La politica assente e attratta dal “benaltrismo”

Li disorientano gli attacchi perché incongruenti con il rimprovero che spesso di sentono rivolgere: “La fascia di mezza età, gli adulti tante volteci accusano di non impegnarci, di non fare nulla per la società ma Greta mostra proprio il contrario e si scatenano le critiche feroci”. “Sono convinto – dice Davide – che questi problemi interessino tutti, ma non si è disposti a rinunciare a qualcosa, ma si deve riflettere su questo punto e pensare che si tratta di un sacrificio per una buona causa”. Li colpisce la scarsa attenzione che la politica mostra nei confronti dei temi dell’ambiente. “Ora il problema climatico sembra non interessare”. “Il fatto è – precisa Letizia – che in Italia chi è sensibile a questi problemi resta una minoranza e quindi i partiti non se li prendono a cuore perché non portano e non spostano voti. Alle ultime elezioni ho votato per la prima volta e mi sono documentata per capire quali fossero i programmi su questi argomenti, però…” L’ambiente resta argomento per un libro politicamente ancora da scrivere. La convinzione dei ragazzi è che ci si attardi a discutere di tutto il “benaltrismo” purché si scalzi la questione centrale della nostra epoca. Esempio? “Si dà tanta importanza alle unioni civili quando ormai nella società sono una realtà, un dato di fatto. Segnala Giana.
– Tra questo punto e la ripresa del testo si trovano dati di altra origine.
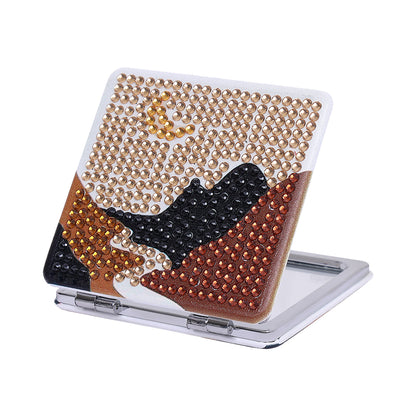 DIY Crystal Diamond Mirror Art Craft Set Paint by Number Kits for Adult and Kids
I ragazzi nati con l’euro hanno anche l’orizzonte europeo a cui affidarsi: “Contro l’inquinamento – dice Andrea – dalla Ue sono arrivati tantissimi soldi, 19 miliardi per combattere l’inquinamento ma i politici non usano tutto quel denaro. Ne è stato speso solo il 26%. Credo dunque che l’iniziativa dei giovani sia importante ma i giovani non hanno ancora il loro spazio”.

Lo sfruttamento del Terzo mondo

Orizzonti larghi per questi ragazzi “Continuiamo a discutere sull’uso della bottiglietta di plastica. D’accordo è ok i comportamenti individuali sono importanti ma riflettiamo cosa stiamo facendo nei confronti dell’Africa – aggiunge Jacopo – in quel continente noi inviamo i nostri scarti, (computer, telefonini, televisori, ecc) inutilizzabili. Una volta tolte le parti utili entrano nel circuito dei rifiuti; sono gettati nei fiumi che poi arrivano nei mari e tornano quindi al punto di partenza oppure vengono bruciati e tutti conosciamo il potenziale velenoso della plastica”. Insomma da cosa nasce cosa, tutto si tiene e nulla può avere vita propria. Da qui un’amara e terribile considerazione: “Finché non ci sarà un altro sistema quello che sta avvenendo non è altro che distruzione di massa”. E a quale sistema pensano i ragazzi 2019? Quasi un mondo collettivo dove il possesso degli oggetti non sia il segno per esaltare la propria individualità. Ma ci sono i problemi globali. “In Europa – dice Greta – la coscienza è abbastanza diffusa verso la decarbonizzazione e per l’abbandono dei combustibili fossili…” “Già ma ci sono Paesi come l’India che oppongono resistenza e intravedono in questo percorso un tentativo di ridurre le potenzialità di sviluppo e progresso – replica Giana – però il problema è che non c’è più tempo da perdere”. “Al fondo c’è un fatto -aggiunge Amin – le materie prime fossili si stanno esaurendo e alla fine una strada alternativa si deve trovare perché sarebbe il crollo. Quindi se non si accelera sulle alternative energetiche si rischia di finire con il mondo rovinato e anche di restare a secco”. Se i paesi emergenti sono un problema gli Stati Uniti non sono da meno “Se tutti gli abitanti della terra – dice Jacopo – vivessero come si vive negli States, ci sarebbe bisogno di sette terre per mantenere questa vita”.